Hollanda'da İslam karşıtı ve aşırı sağcı Özgürlük Partisi (PVV) lideri Geert Wilders'in, yedi aylık hükümet kurma çabaları sonuçsuz kalmaya devam ediyor. Son olarak Wilders'in bakan yapmaya çalıştığı İsrail doğumlu milletvekili de güvenlik soruşturmasına takıldı.
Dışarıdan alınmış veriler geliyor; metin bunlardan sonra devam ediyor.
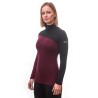 SENSOR MERINO EXTREME dámské triko dl.rukáv zip port red/černá 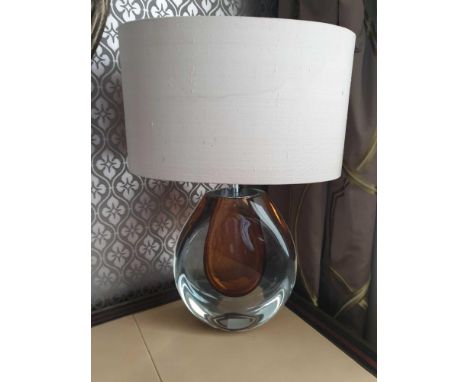 Heathfield And Co Mia Table Lamp Mouth-Blown Glass Features An Intense Drop Of Colour And A Satin Shade 50cm Tall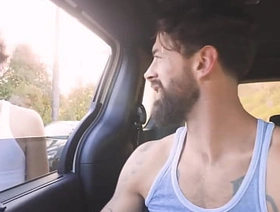 Horny hunk picks up young hitchhiker for gay sex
 İslam karşıtı ve aşırı sağcı Özgürlük Partisi (PVV) lideri Geert Wilders İslam karşıtı ve aşırı sağcı Özgürlük Partisi (PVV) lideri Geert Wilders

İKTİDAR OLAMADAN YIPRANDI

Kasım 2023'te düzenlenen seçimlerde partisi birinci çıkan Wilders, son yedi ayda koalisyon hükümeti kurulması sürecinde çoğunlukla geri adımlarla neticelenen hamleleriyle henüz iktidar olmadan yıpranma sürecine girdi.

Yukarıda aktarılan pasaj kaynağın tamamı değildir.